Yus Dharman juga menegaskan, hanya pejabat yang tidak memiliki hati nurani yang berani menerbitkan Hak Guna Bangunan (HGB) di atas laut dengan melanggar banyak aturan, (balipost.com,1-2-2025).
Meski pelanggaran hukum sudah sangat jelas, namun seluruh jajaran yang terkait seolah tidak mengetahuinya. Bahkan siapa dalang dari pemagaran ditutup rapat-rapat identitasnya. Diperparah dengan hukum yang digunakan negeri ini yang bermain-main dengan KKN (Korupsi, Kolusi dan Nepotisme), siapa yang memiliki uang akan lepas dari jerat hukuman. Serta, dari sistem kufur ini melahirkan para pejabat yang tidak amanah dan korbannya adalah rakyat. Ini disebabkan landasan yang digunakan negeri ini ialah liberalisme kapitalisme.
Dari kasus pagar laut yang berlarut-larut menunjukkan bahwa, penguasa hari ini berpihak pada para korporasi. Sudah sangat sering terjadi aset negara dikuasai oleh pemilik modal. Yang didukung oleh UU Cipta Kerja (Omnibus Law) yang seolah melegalkan atas tanah diperairan maupun daratan dan sumber daya alam sebagai barang komersil yang diobral kepada investor meski harus melanggar peraturan yang lainnya.
Bagaimana Islam Menyelesaikan Persolan Pagar Laut
Dalam kasus pagar laut menambah daftar hitam ketidak mampuan pemerintah menegakkan keadilan dan kesejahteraan umat. Pemimpin dalam sistem kapitalis ini hanya memimpin semata karena manfaat yang diperolehnya. Bahkan mereka menghalalkan segala cara agar mampu menduduki tahta penguasa. Karena itu mereka membutuhkan topangan korporasi untuk mendanai kemulusan tujuannya. Akhirnya ketika sudah menjabat kebijakan yang dibuat harus sesuai titipan oligarki.
Dimana kebijakan yang melayani raja oligarki yang sesuai dengan ideologi yang di anut negeri ini, yakni Kapitalisme Liberal. Artinya regulator (penguasa) hari ini tidak memiliki kedaulatan dan kemerdekaan.
Sistem Islam juga meletakkan kedaulatan hanya pada hukum syara yakni Alquran dan Sunnah.
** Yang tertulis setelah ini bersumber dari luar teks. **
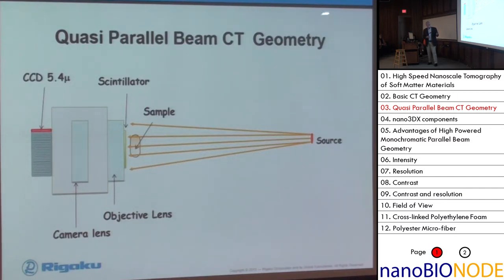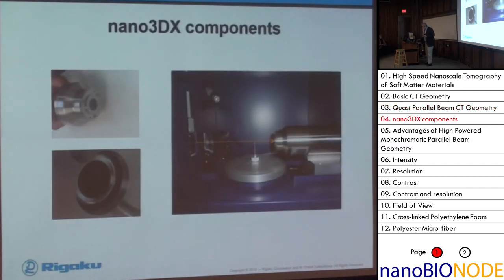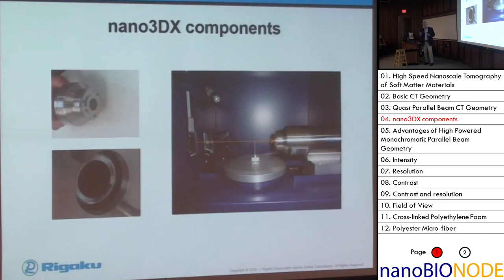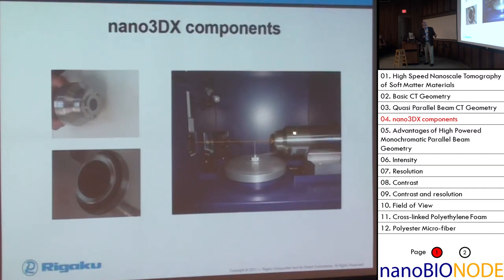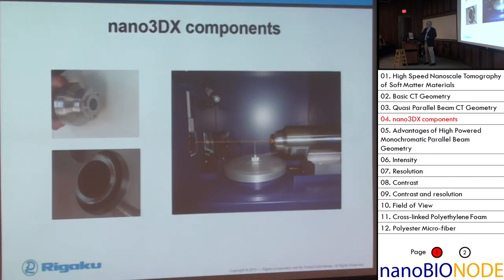When we use this quasi-parallel beam geometry system, we have a couple of things that make it ideal for looking at soft materials. I only have 20 minutes, so I'm going to go through slides pretty quickly. This is an actual photo of the inside of the machine. Here's the x-ray source, here's the x-ray detector where you're looking at the scintillator, then there's a lens, the camera lens, and the CCD is sitting off on the wall. Here's the sample, which sits on a phi axis that rotates the sample 360 degrees - that's how we rotate the tree.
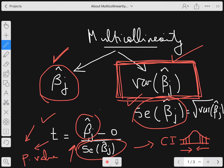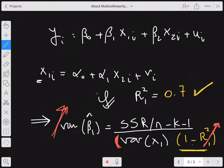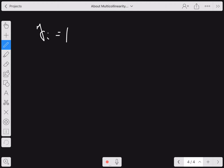We did explain how the variance of beta hat would be affected by multicollinearity. Now let's talk about beta hat itself. Let me take a blank screen. Assuming I have a simple model with no intercept: y_i = beta_1 * x1_i + beta_2 * x2_i + error term.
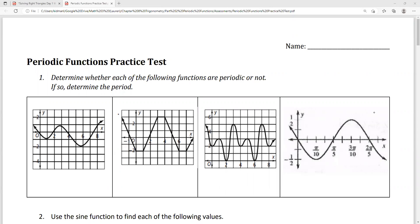Hi, this is Mrs. Kidman, and in this video we are going to be discussing periodic functions. This is a practice test — we're going to run over the basics of periodic functions. We'll go over whether or not functions are periodic, how to use a function to determine values, writing equations of trig functions given graphs, and how to sketch a graph of a trig function given the equation with horizontal shifts, midline, amplitude, and things like that.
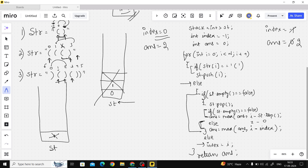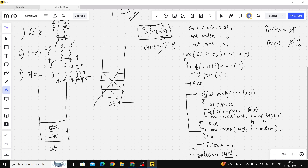Moving forward, we have an opening bracket at index 3 — add it to the stack. Then a closing bracket: the stack is not empty, so pop. After popping the stack is empty, so we use index = 0 and i = 4: 4 minus 0 = 4. Update the answer to 4. Then we have another closing bracket at index 5 — the stack is empty so index updates to 5. We've finished; we return the answer of 4.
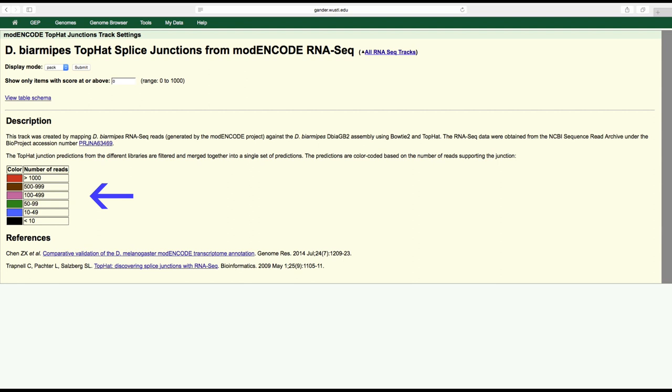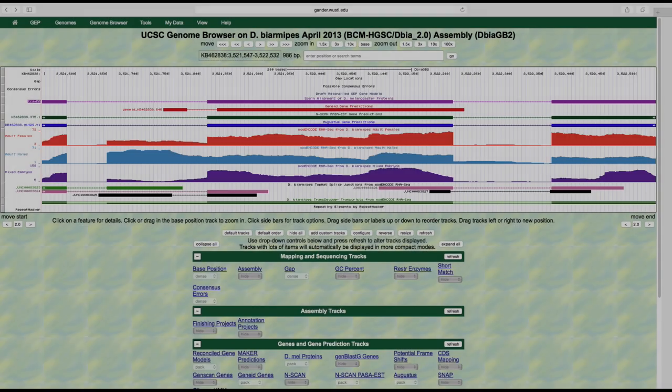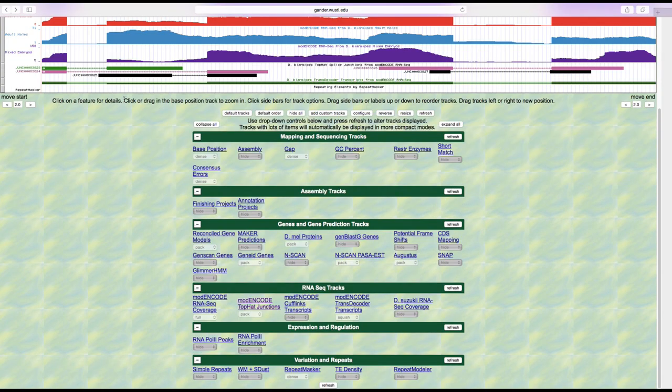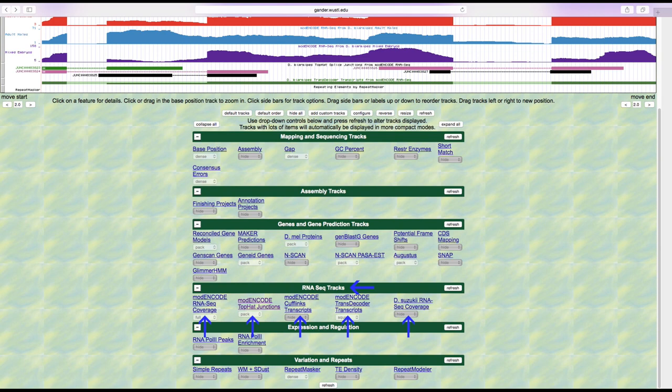Several other evidence tracks are available under the RNA-Seq track section. You may click on the track title link above the display mode drop-down list to learn more about how that evidence track was created and the display convention used by that particular track.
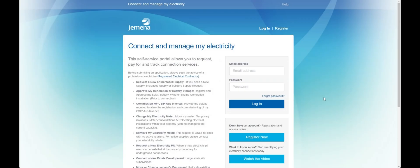Welcome to the Gemina solar installation video. In this video we'll be teaching you how to submit your applications for a solar pre-approval and how to apply to commission your inverter.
Tugas pemimpin ialah mengurus urusan umat dengan memastikan aturan Allah terterapkan ditengah kehidupan umat.
Di sektor ekonomi, dalam kitab An-Nidzhamu al-Iqtishadiyi fii al-Islam karya Syekh Taqiyyuddin an-Nabhani rahimullah, negara menjaga harta individu dan menjamin distribusi harta yang merata. Dalam sistem Islam kepemilikan harta jelas, diatur dalam 3 bagian yakni kepemilikkan individu, kepemilikan umum dan kepemilikan negara. Perihal laut serta sumber daya alam yang lainnya menjadi kepemilikan umum dan peran negara hanya mengelolah dan hasilnya dikembalikan dalam bentuk kemaslahatan umat seperti pendidikan, kesehatan, keamanan dan yang lainnya.
Jika terjadi KKN (Korupsi, Kolusi dan Nepotisme) laut dan SDA, maka negara akan menindak tegas pelakunya. Sekalipun pelanggarnya pejabat negaranya sendiri. Dalam kitab An-Nidzhomu al-Uqubat fii al-Islam karya Syekh Abdurrahman al-Maliki rahimullah, sanksi tegas dalam Islam bersifat pencegah (Zawajir) dan Penebus (Jawabir). Wallahualam bissawab. [LM/ry].